M. and I and Deputy Bill puzzled over it Thursday night. Thinking about it now, I have a feeling that it is because the economy is recovering, and that many of our weekday crowd of recent years have found jobs. I can't prove it, but I know that many new restaurants have opened here recently.
I am reading Dead in the Dog, by Bernard Knight. I had not heard of Knight, the author of the "Crowner John" series of medieval mysteries. I found it on a cart of new books. It is set in Malaysia in the 1950's, when the British were fighting Communist insurgents. Knight was a doctor in the Royal Army Medical Corps there. Having just read George Orwell's Burmese Days, it appealed to me. The novel is a vivid evocation of that "forgotten war" with echoes of M.A.S.H.. I've blogged about the colonial plantations of Southeast Asia before.

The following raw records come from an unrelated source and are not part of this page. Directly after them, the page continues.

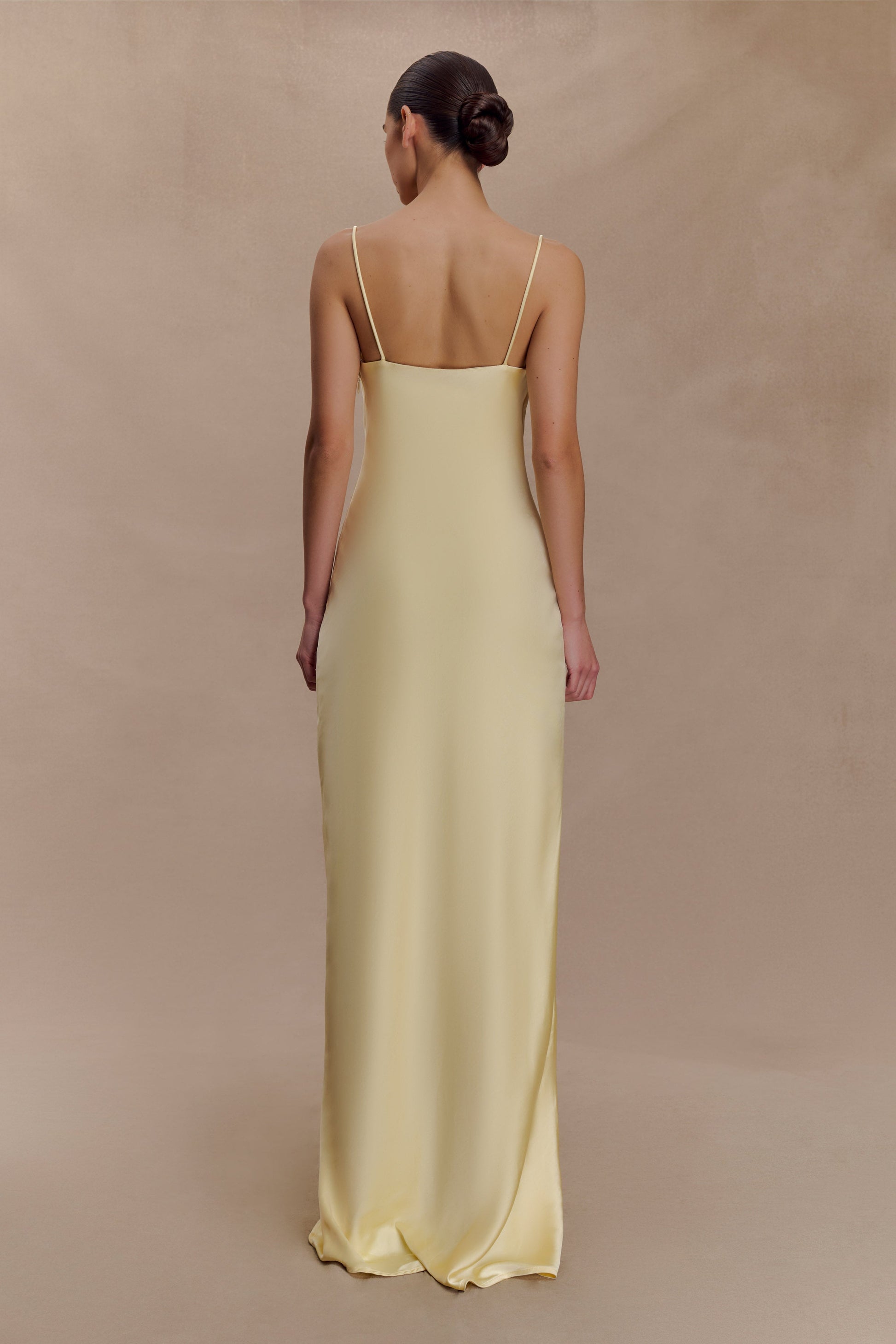 Isadora Lace & Satin Maxi Dress - Lemon #2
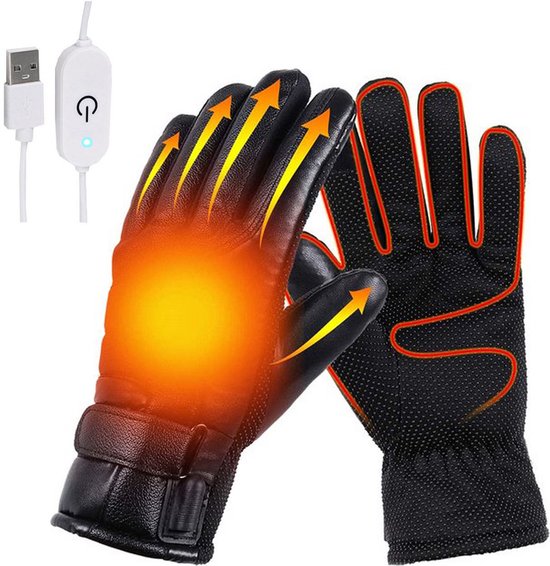 Verwarmde handschoenen met USB-controller en indicatie van warmtezones.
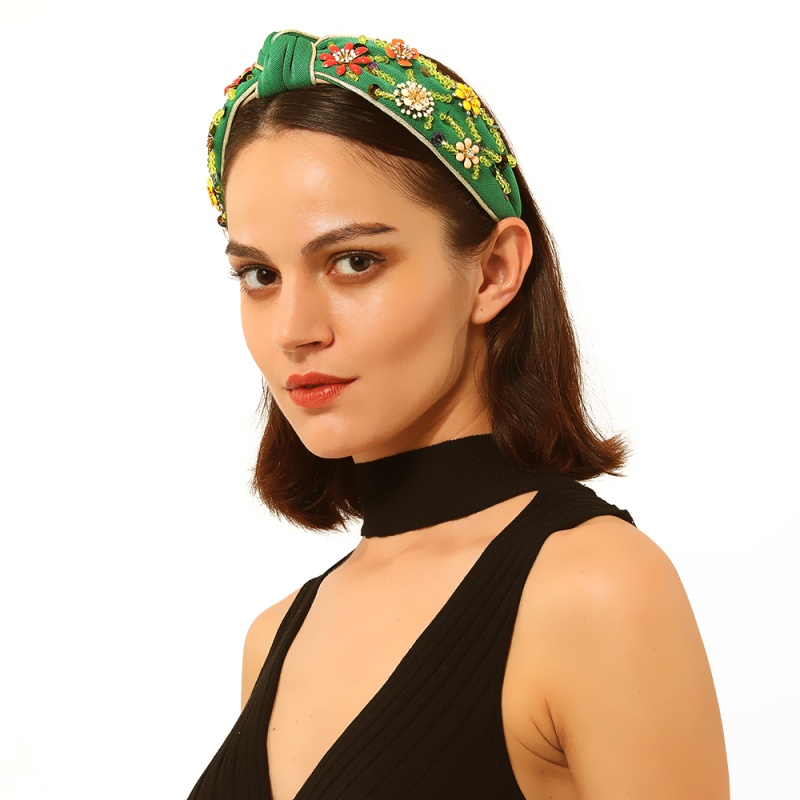 Fashion Green Fabric Rhinestone Flower Headband,Head Band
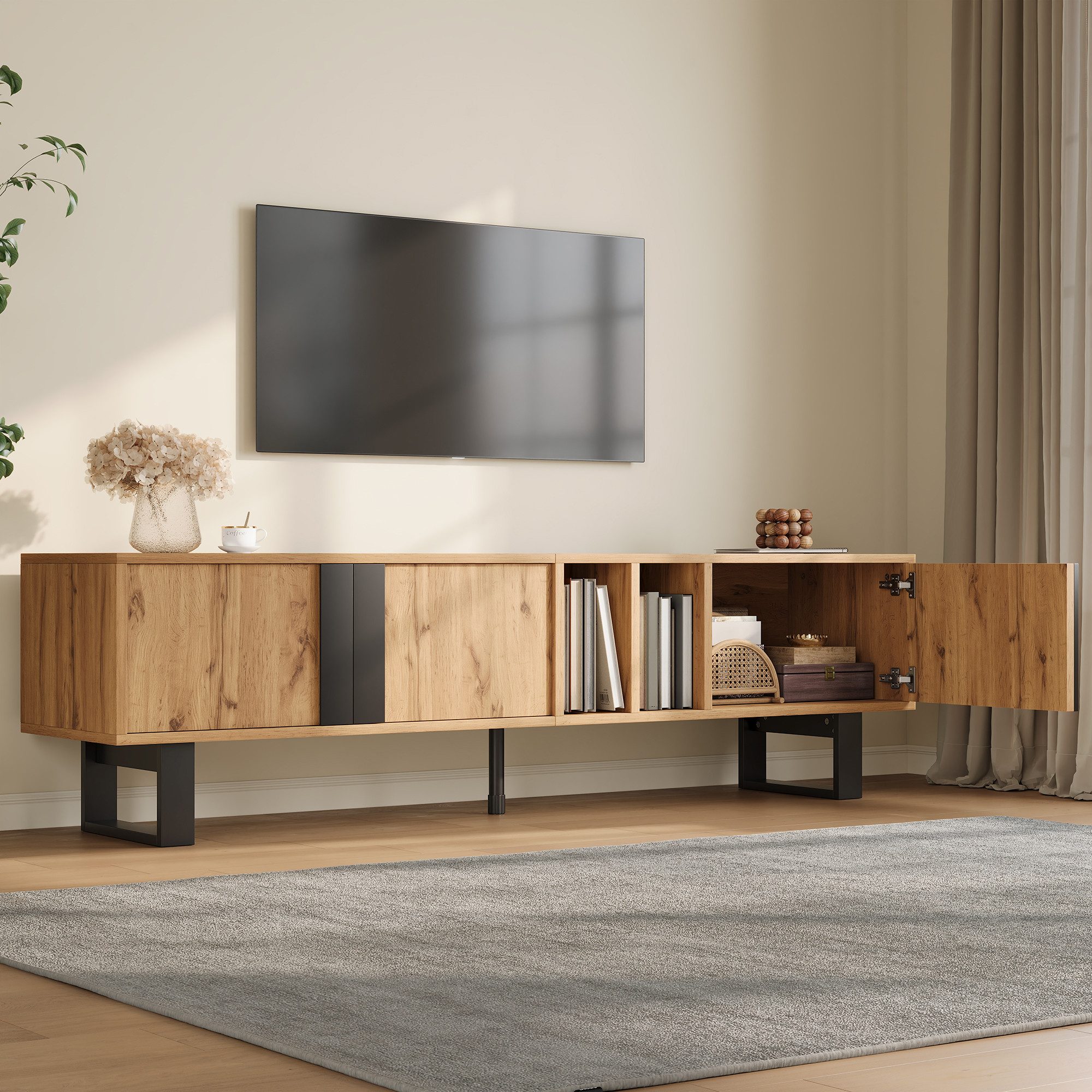 STILVORA Lowboard TV-Schrank mit offenen Ablagen TV-Board mit Eisenbeine (TV-Möbel, Mediamöbel, Soft-Close-Scharniere, 3 Schwenktüren, 2 offene Fächer, 2 Innenfächer, PB+MDF-Korpus), für Flur, Eingangsbereich, Diele, Wohnzimmer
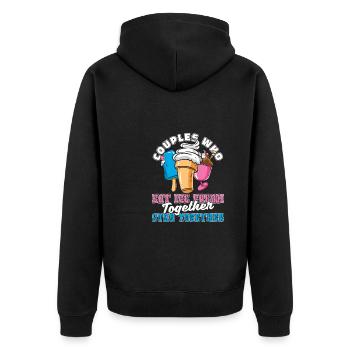 Paire de crème glacée - Veste à capuche bio Premium Unisexe - noir - Dos - Nico (187cm)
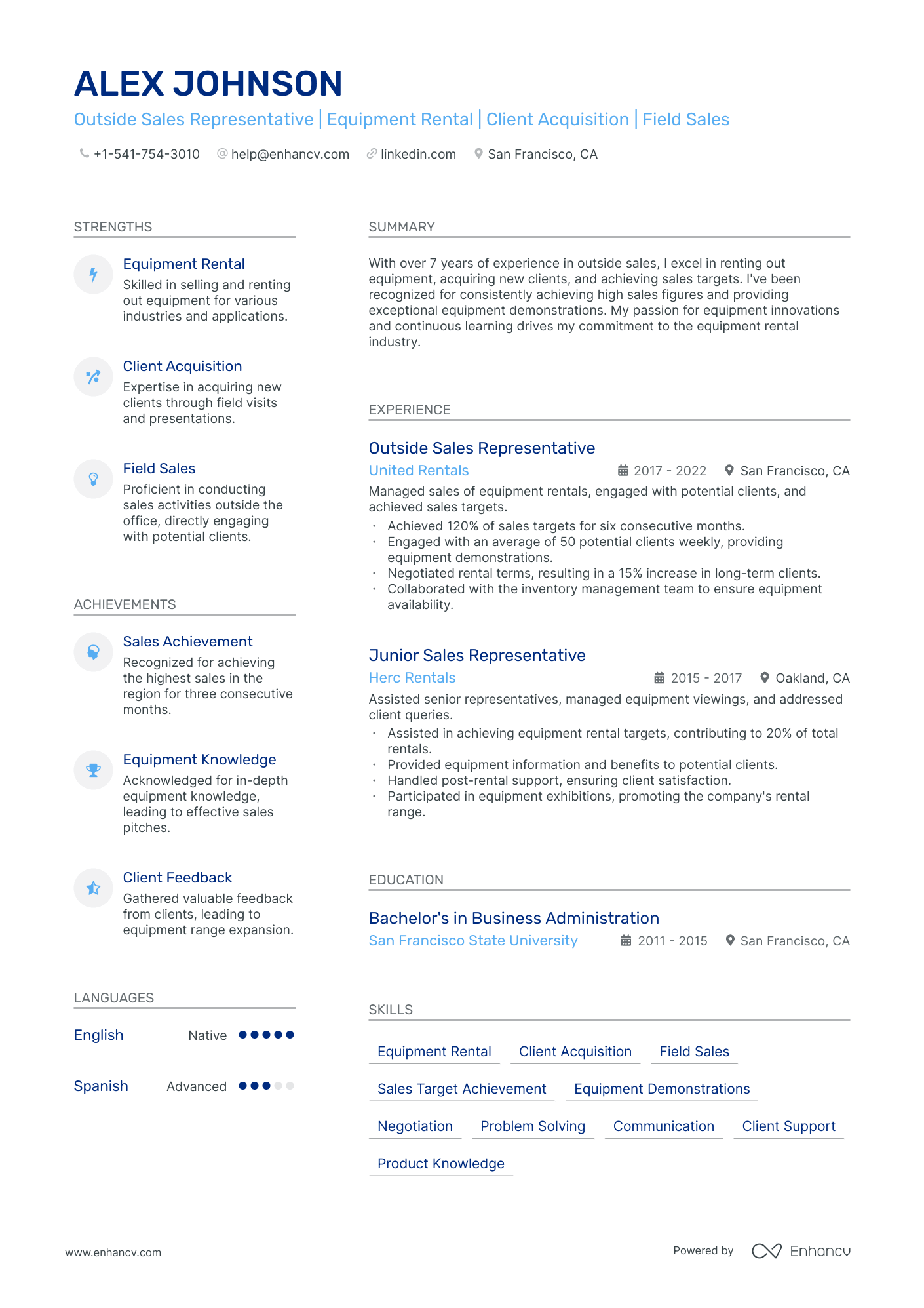 Outside Sales resume example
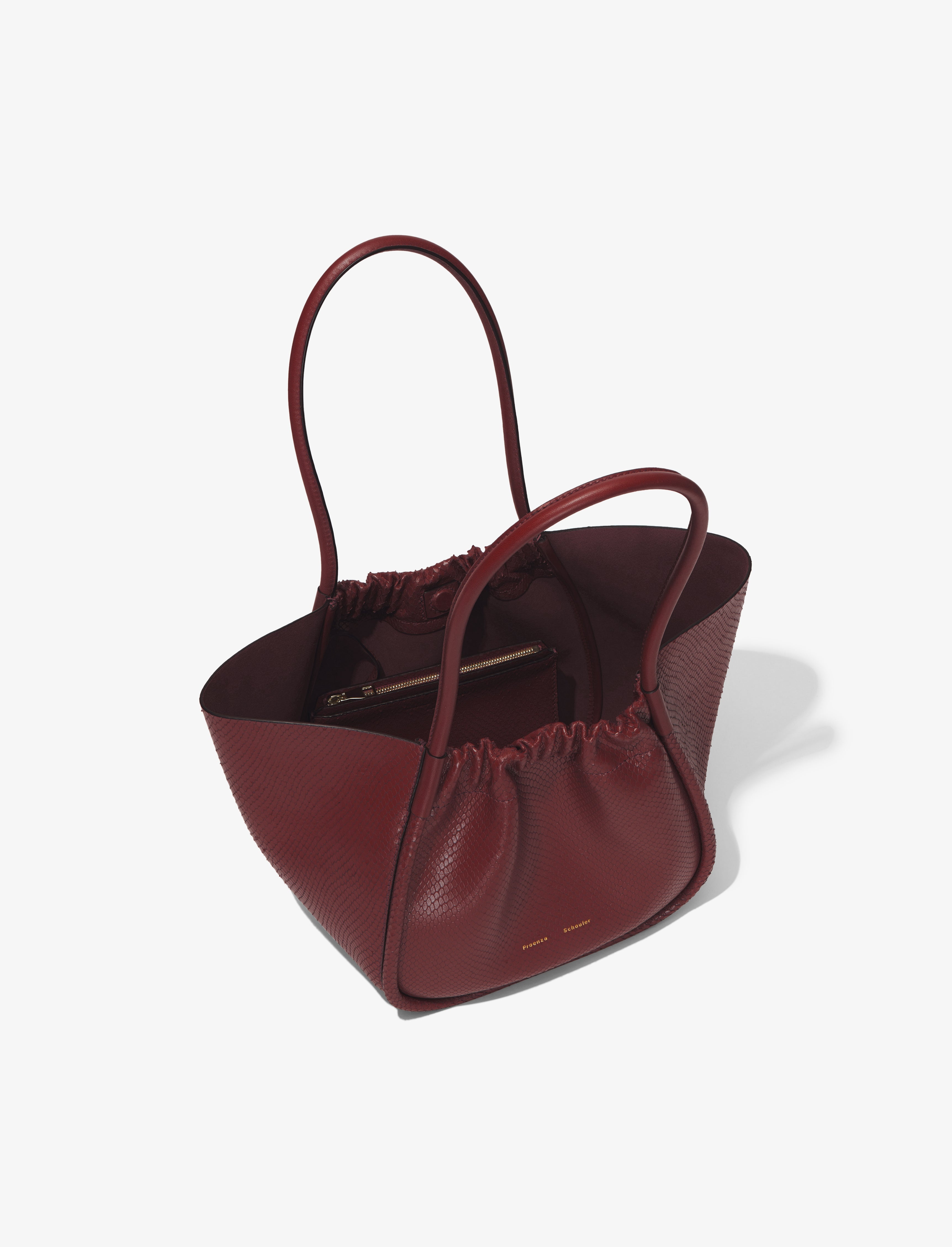 Carved Python Large Ruched Tote - 5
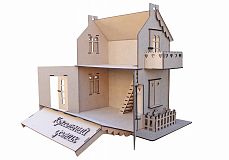 ЗгТв128-00-0000  Заготовка для творчества "Кукольный домик с балконом" без мебели (дл.37см;шир.21см; фото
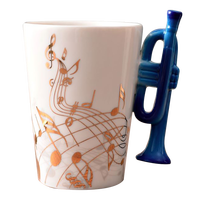 Mug à café en céramique de 250 ml avec poignée en forme de trompette, design musical personnalisé, pour cadeau souvenir de rentrée scolaire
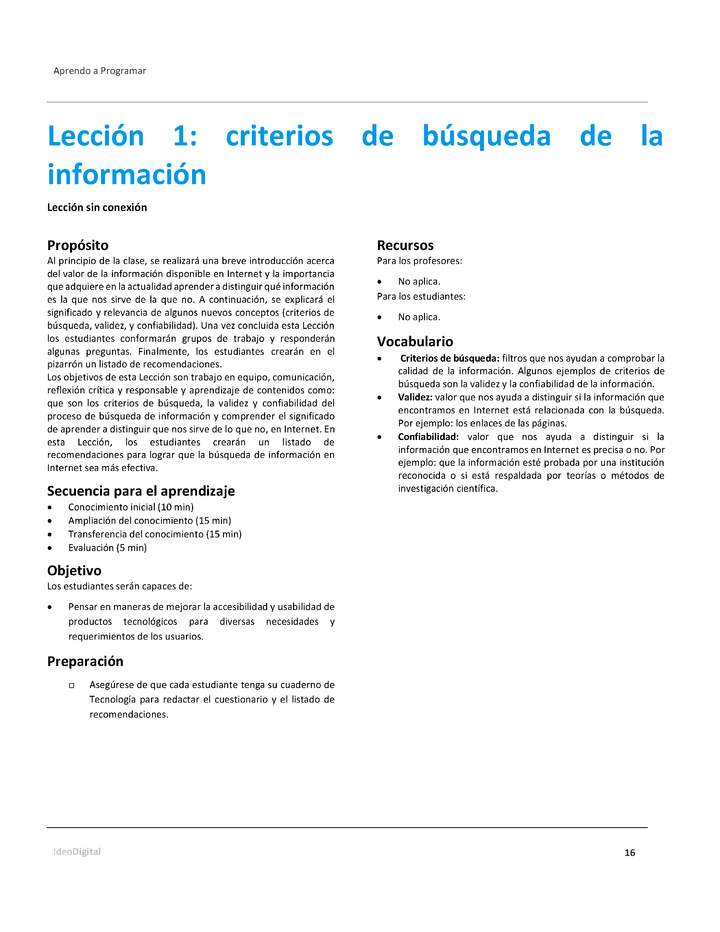 Unidad 1 - Lección 1: criterios de búsqueda de la información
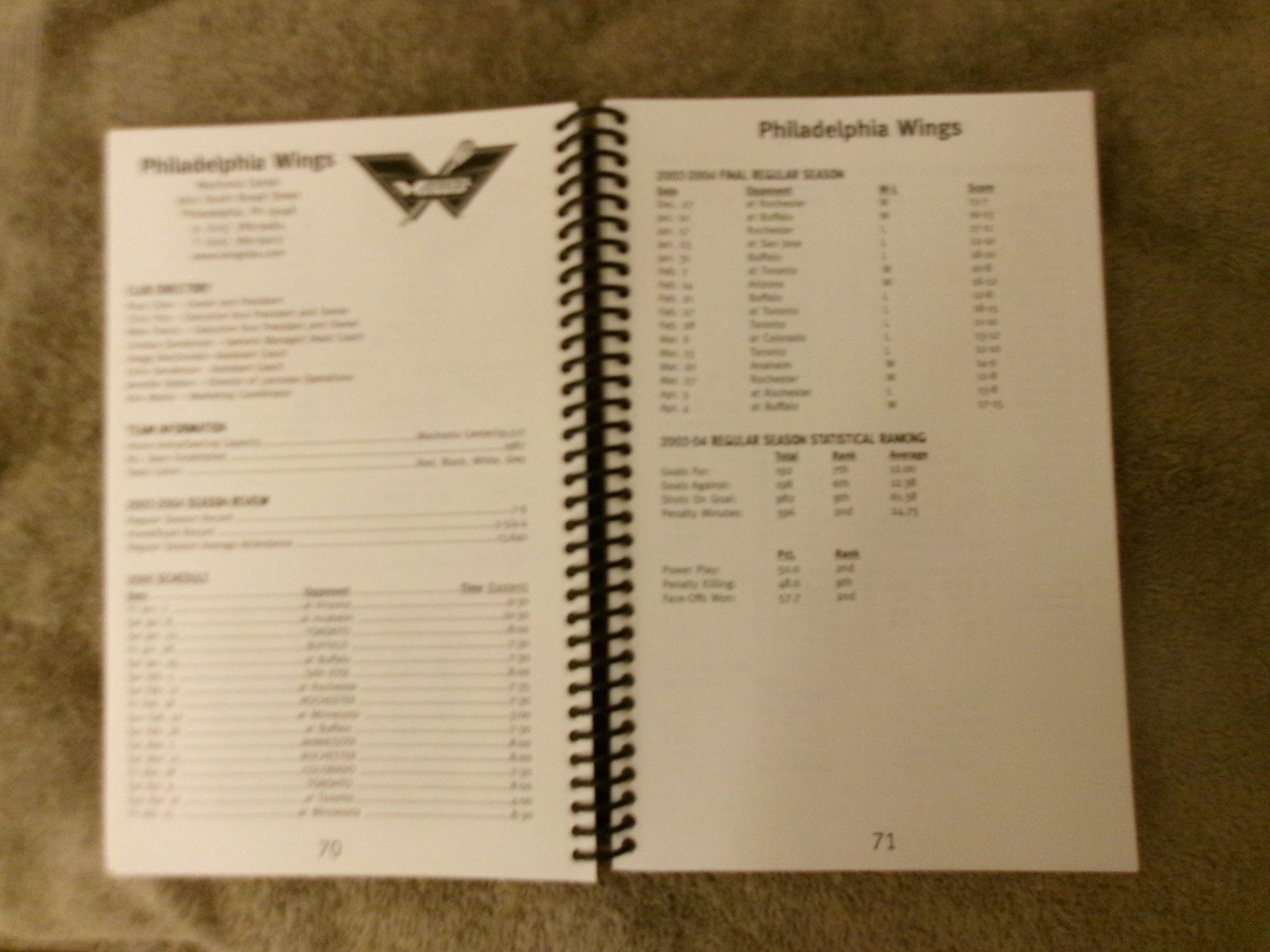 2005 NLL MEDIA GUIDE TORONTO ROCK GARY GAIT LACROSSE ARIZONA STING Program AD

But even before my reading of Burmese Days, my return to Southeast Asia was prompted by my discovery of a wonderful bibliography, Cruel Seas : World War 2 Merchant Marine-Related Nautical Fiction from the 1930s to Present, by Daniel C. Krummes, which led to my re-reading of Philip McCutchan's unique six-volume "Convoy" series. Mason Kemp, who captained ocean liners to Australia between the wars, serves as a convoy commodore in World War II. Frequently he casts his memory back to the days, perhaps gone forever, of cruising in peacetime through the Mediterranean and the Suez Canal, to India and Australia, along the sea-lanes of the Empire.
A wealth of archived videos and oral history recordings can be found at The Centre of South Asian Studies, (look in "Links""), including an interview of John Masters, author of the wonderful memoir, Bugles and a Tiger, and more.